また、免除期間中であっても、被保険者資格に変更はありません。
注意したいのは、育休産休期間に入ったからといって、自動的に免除となるわけではないという点です。
厚生年金負担免除に必要な手続きは、申請書の提出です。
申請書の提出手続きは、会社を通しておこなわれ、提出後は被保険者と同様に会社側も保険料が免除となります。
なお、産休・育休中は、通常給与から天引きされている「健康保険料」も、厚生年金同様に納付免除となります。
結婚や離婚による扶養手続き
結婚をして名前が変わった場合、「被保険者氏名変更届」にて氏名が変わったことを届ける必要があります。
結婚後も仕事を続ける場合は、会社側に年金手帳と「被保険者氏名変更(訂正)届」を提出し手続きをおこないます。
さらに、結婚後に扶養に入る場合は、配偶者の勤め先で手続きをおこなう形となります。
その際の手続きには、「国民年金第3号被保険者該当届」と夫と妻双方の年金手帳が必要です。
一方、離婚をした場合は、年金分割制度を利用して年金を分割することができます。
年金分割制度は、離婚後の2人の生活水準に大きな差が生まれないよう導入された制度です。

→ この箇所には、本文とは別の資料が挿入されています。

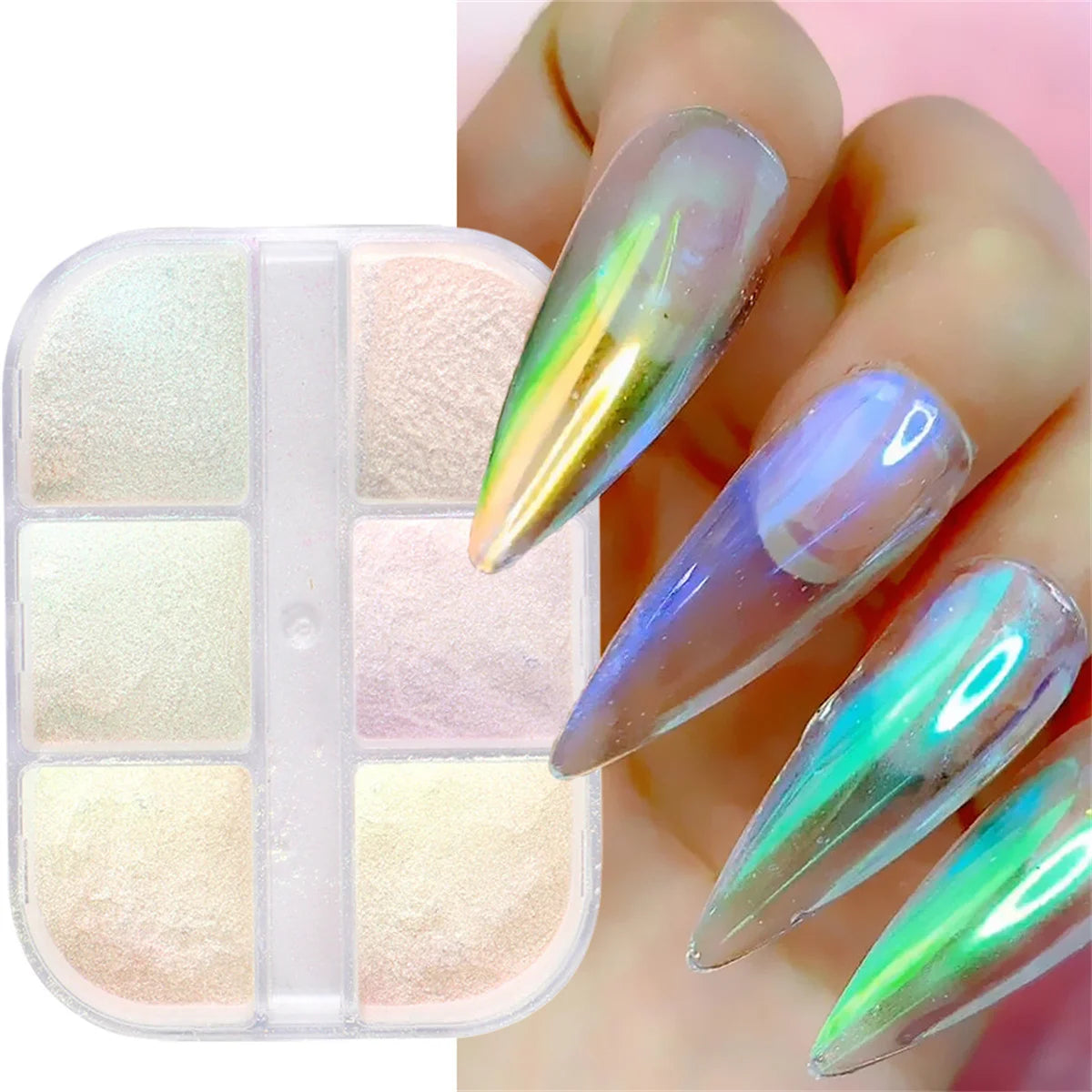Fashion Dust Nail Art Sequins Manicure Mirror Glitter Pigment Chrome Aurora Nail Powder DIY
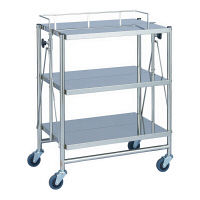 松吉医科器械 折りたたみ式器械台(自立型) 3段・手摺付 幅600mm MY-1586 1台 24-5065-00（直送品）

婚姻期間中に納付した厚生年金保険料は、夫婦の共有財産として考え、分割することができます。
年金分割の手続きには、「年金分割のための情報提供通知書」が必要です。
離婚前の請求も可能で、夫婦共同でも、どちらか一方でも手続きを完了させることができます。
厚生年金の受け取り方法
老後に厚生年金を受け取る際は、受け取る人が自ら手続きをする必要があります。
受給できる年齢になれば自動的に振り込まれるというわけではないので注意しましょう。
厚生年金の受給は、65歳からとなっていますが、60歳を過ぎていれば繰り上げて受け取ることが可能です。
繰り上げ申請については、年齢や性別によって条件が異なるため、年金事務所で確認することをおすすめします。
また、受給を70歳以降に繰り下げることも可能です。
70歳以降に繰り下げた場合は、受け取ることのできる年金額が月0.7%積み増しになり、お得なことから、最近は繰り下げて受給する人も増えているようです。
今後もさらに高齢化社会が進み、働き続ける高齢者が増えることが予想されていることから、それにともなって受給開始年齢も繰り下げる人が増えると考えられています。
最後に
いかがでしたでしょうか。
厚生年金の制度内容について、国民年金との違いや知っておきたい制度内容について幅広く解説してきました。
厚生年金は、保険料の積み立て額が大きいほど受給額も大きくなります。
老後の生活のためにも、自身のライフスタイルからどれほどの積み立てが可能なのか考えてみることや、元気に働ける現役時代に長期加入しておくのがおすすめです。
また、女性は特にライフイベントによって手続きが必要な場合もあるため、制度内容についてしっかりと理解しておきましょう!